### EXERCISE REQUIREMENTS
Copy out exactly the lines from the one containing "International Diving School Trincomalee" through the end of the records, and no pictures.

(INPUT RECORDS)

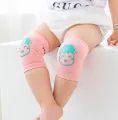 1 Pair Fashionable Stylish Baby Knee Pads for Safety Kids Dot Cute Crawling Elbow Safety Knee pad Cushion Toddlers Baby Girls Boys Knee Protector. 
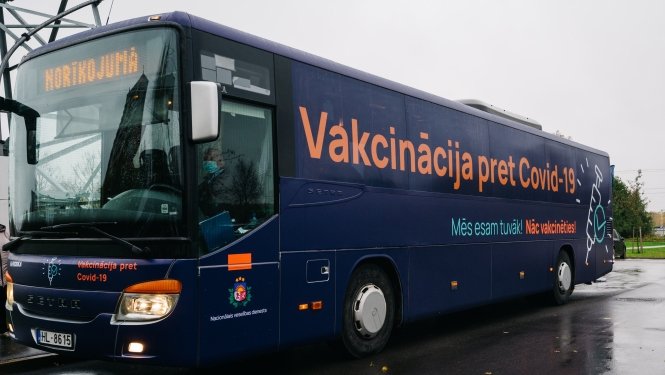 Vakcinācijas buss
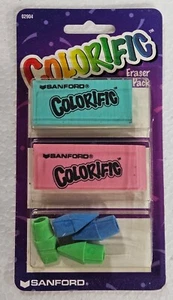 Paquete combinado de borrador de color Sanford 2 borradores y 4 borradores de tapa nuevo en paquete - Imagen 1 de 2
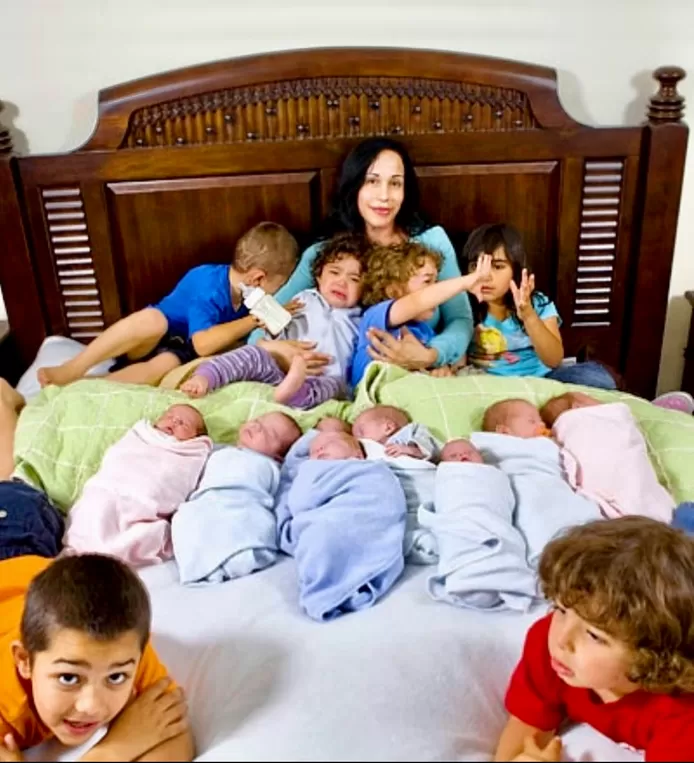 2024-09-24	
美國 ~ 八胞胎的母親「Octomom」在總共生育了十四個孩子後現在有了一 ...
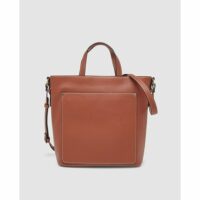 Sac tote avec surpiqûres Maison Close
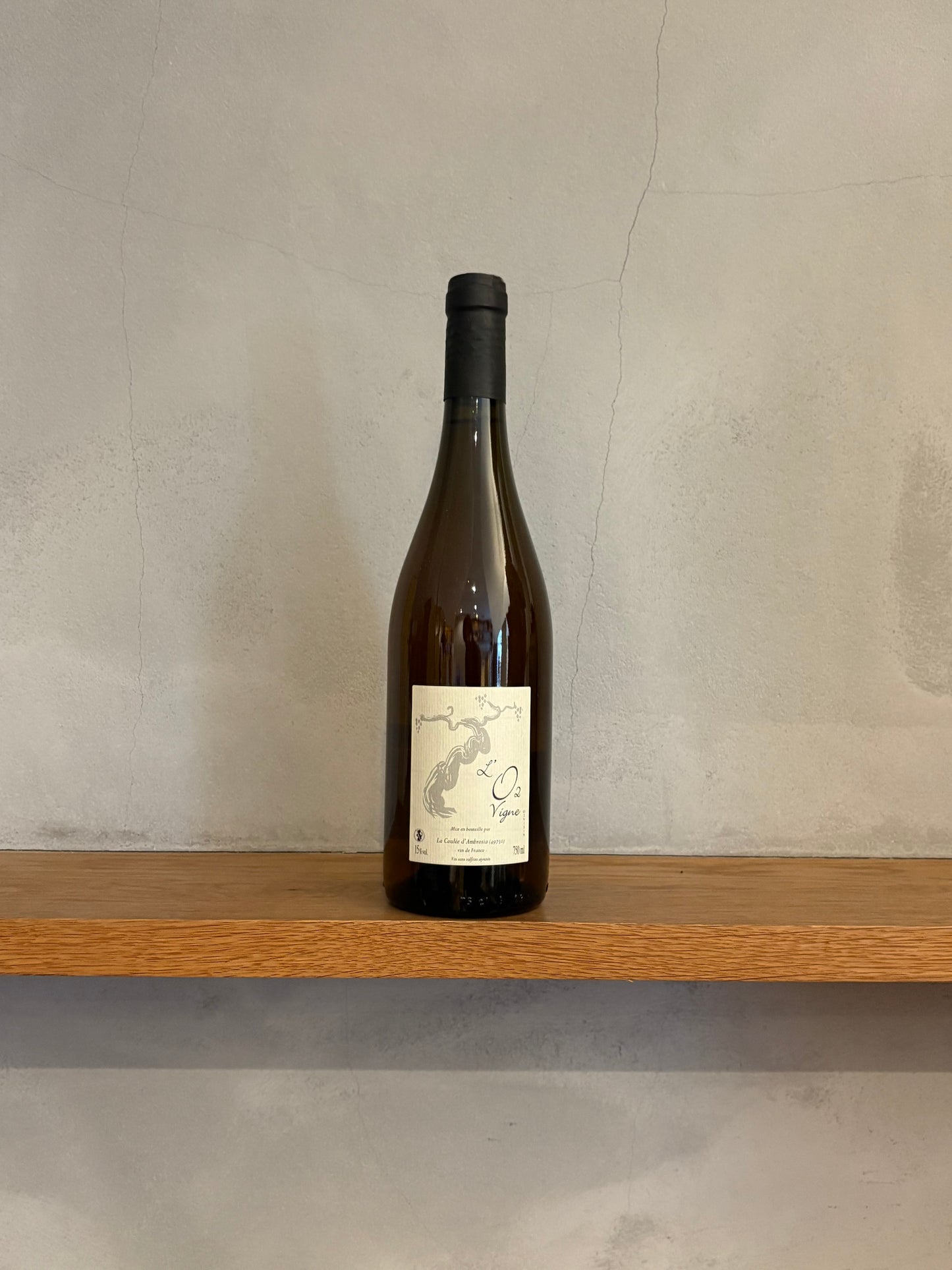 ロードゥ・ヴィーニュ 2015 / ラ・クーレ・ダンブロジア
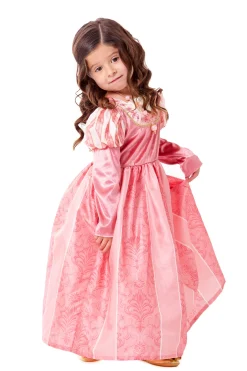 Dresses>Little Adventures Coral Renaissance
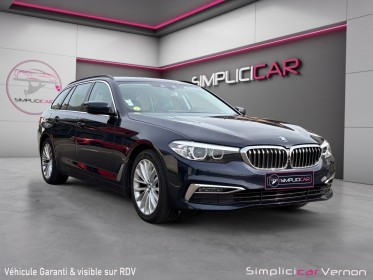 Bmw serie 5 touring g31 520d 190 ch luxury  garantie 12 mois occasion simplicicar vernon simplicicar simplicibike france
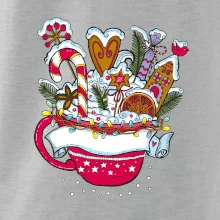 Vianočný Punč - hrnček (Pecka design)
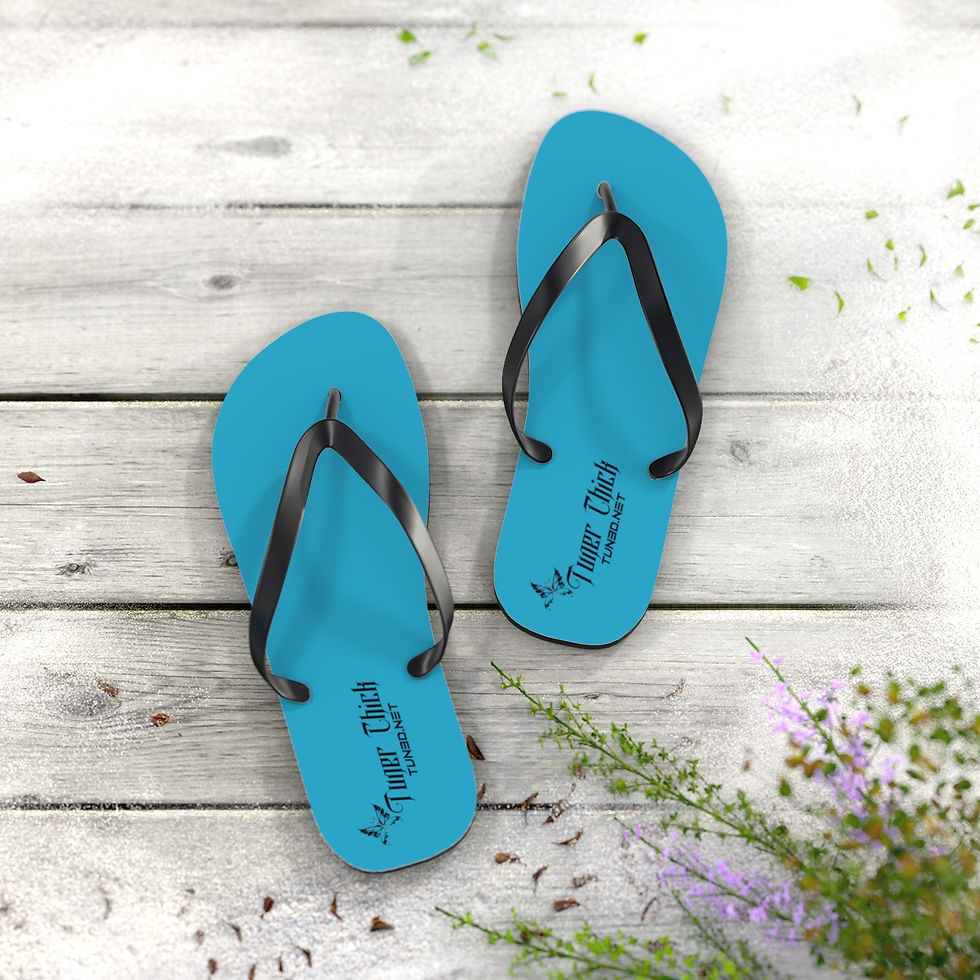 Thumbnail: TunerChick Flip Flops turq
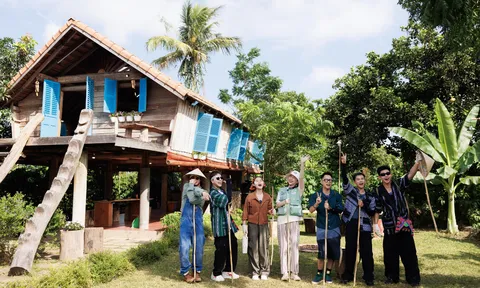 “Gia đình Haha” tập 12: Tiếp tục hành trình với những thước phim tuyệt đối điện ảnh về một Tây Nguyên đẹp như cổ tích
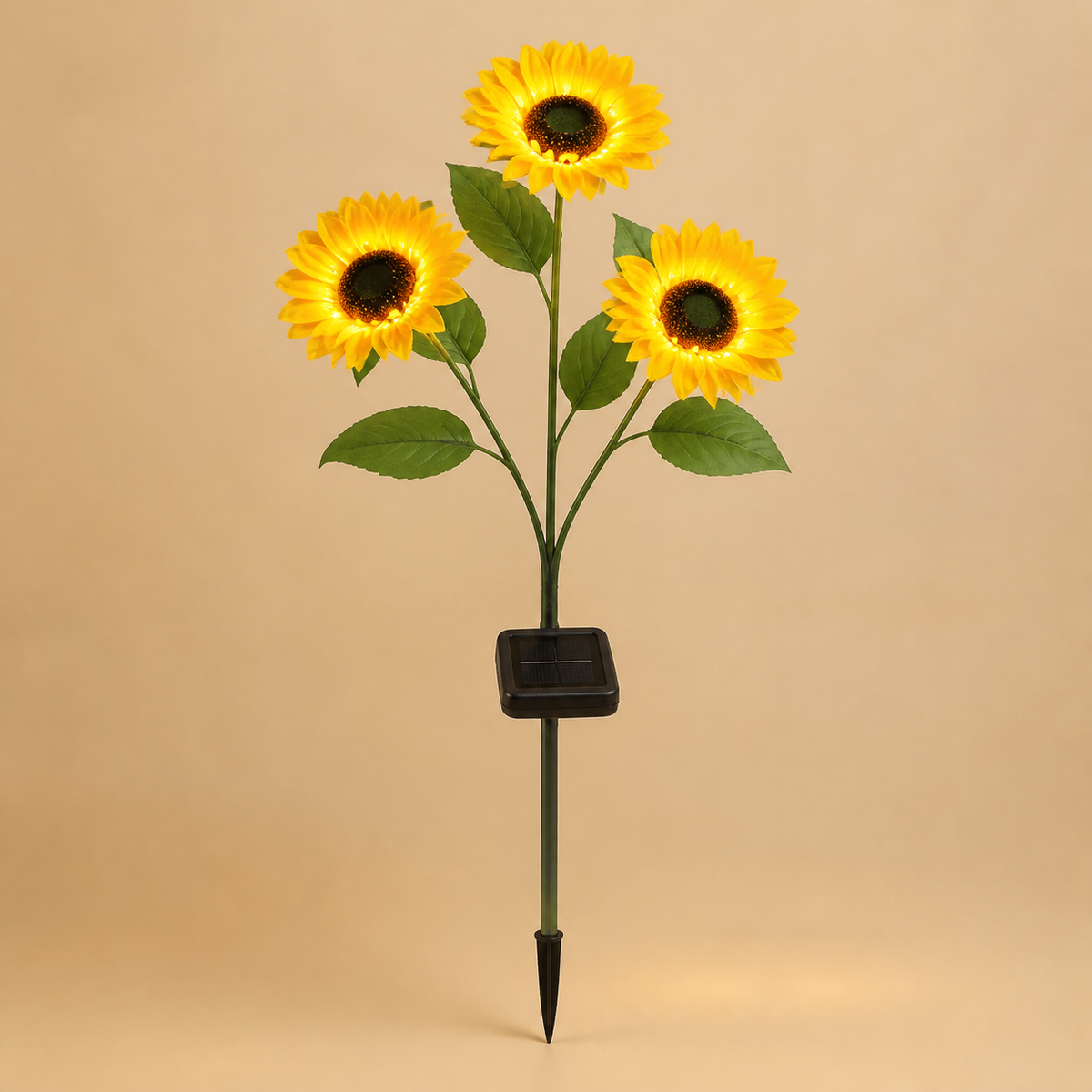 Solar Sunflowers – Solar Sunflower Garden Lamp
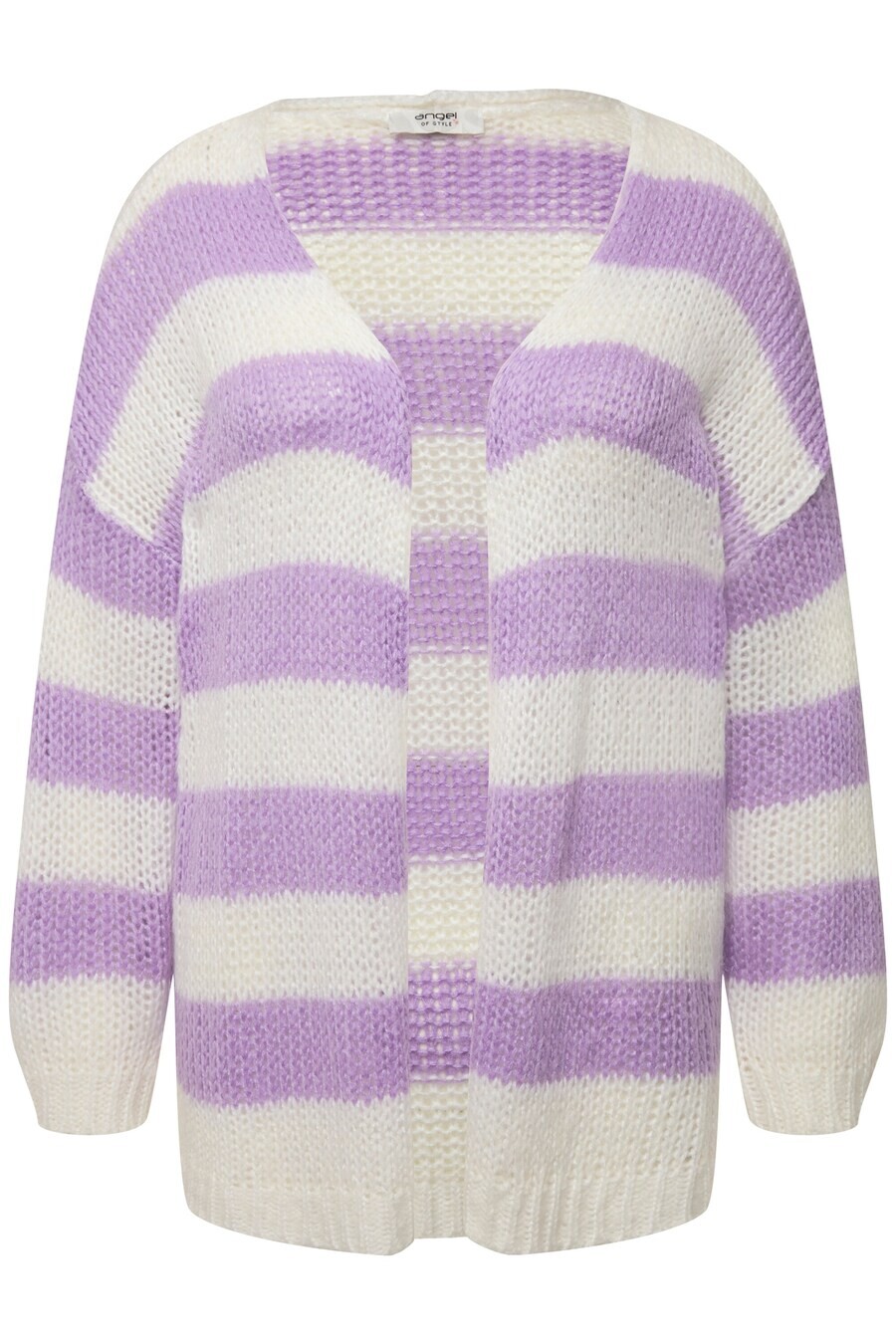 Вязаный кардиган Angel of Style Oversized Cardigan, цвет lilac/white
Вязаный кардиган Angel of Style Oversized Cardigan, цвет lilac/white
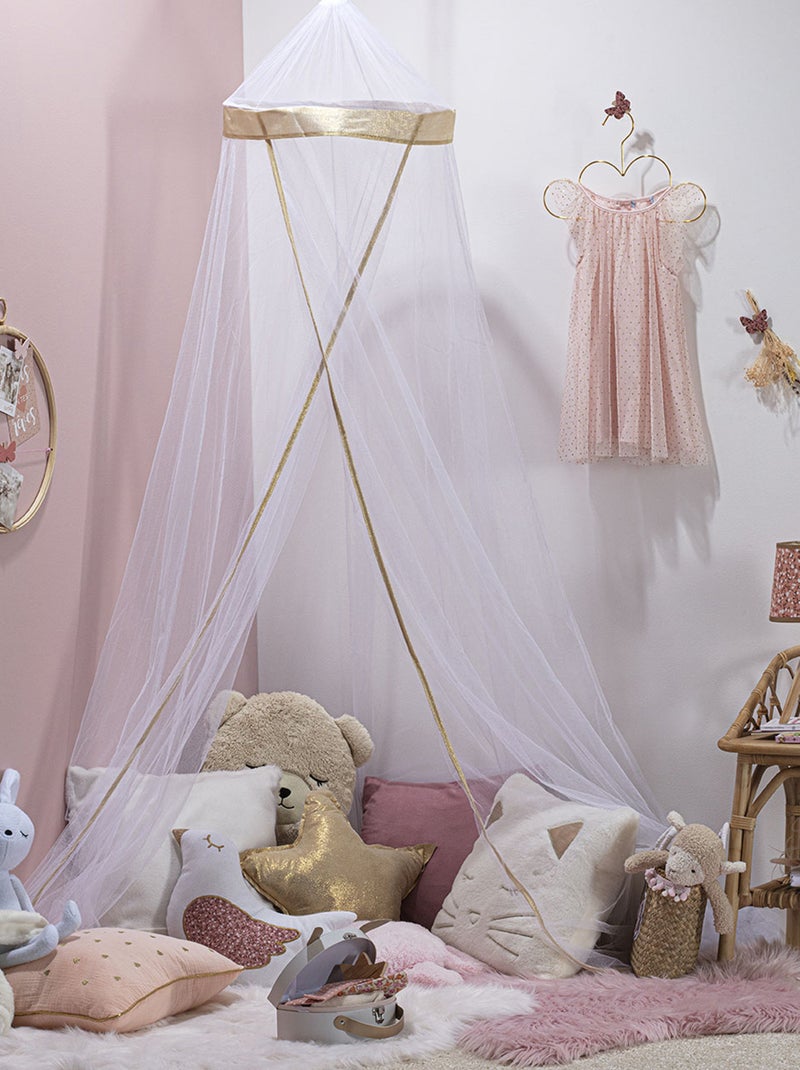 Coussin tête d'ours enfant Beige - Kiabi
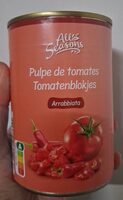 Pulpe de tomates arrabbiata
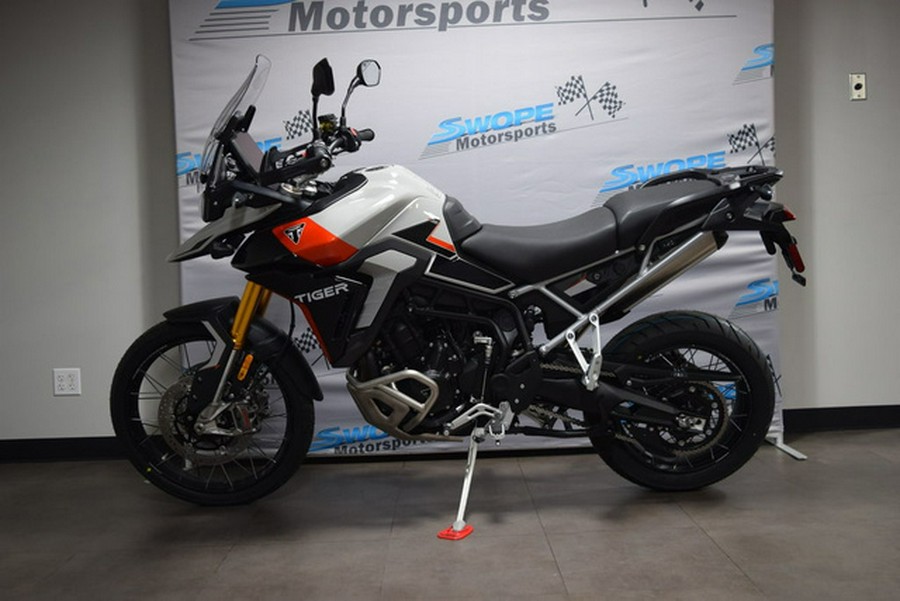 2025 Triumph Tiger 900 Rally Pro Ash Grey / Intense Orange RALLY PRO - ASH GREY INTENSE ORANGE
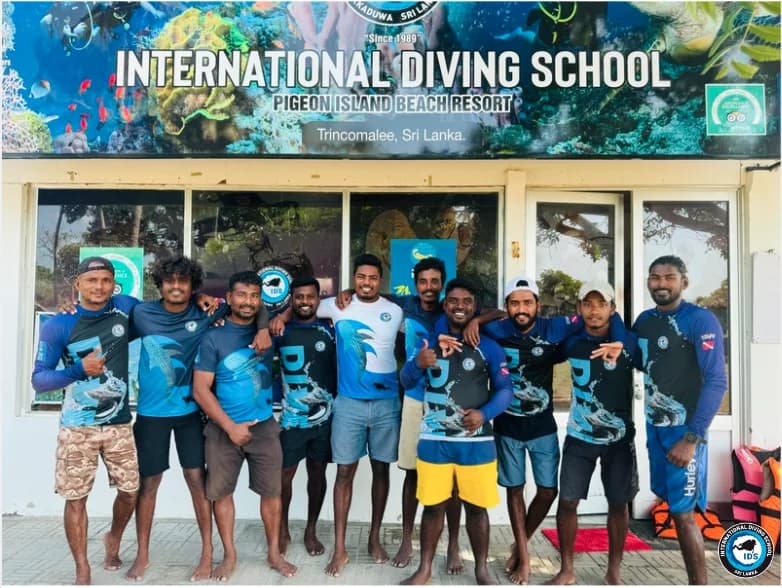 International Diving School Trincomalee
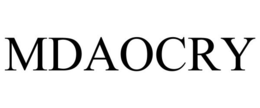 MDAOCRY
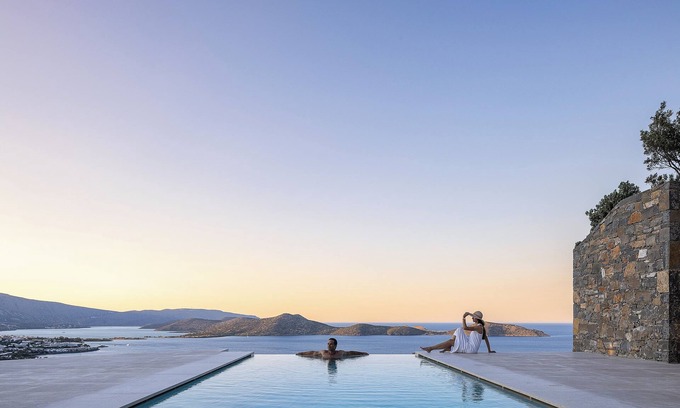 Agios Nikolaos Villa | Where Sophisticated Design Meets Endless Views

(End INPUT RECORDS)

### RESULT
 International Diving School Trincomalee
 MDAOCRY
 Agios Nikolaos Villa | Where Sophisticated Design Meets Endless Views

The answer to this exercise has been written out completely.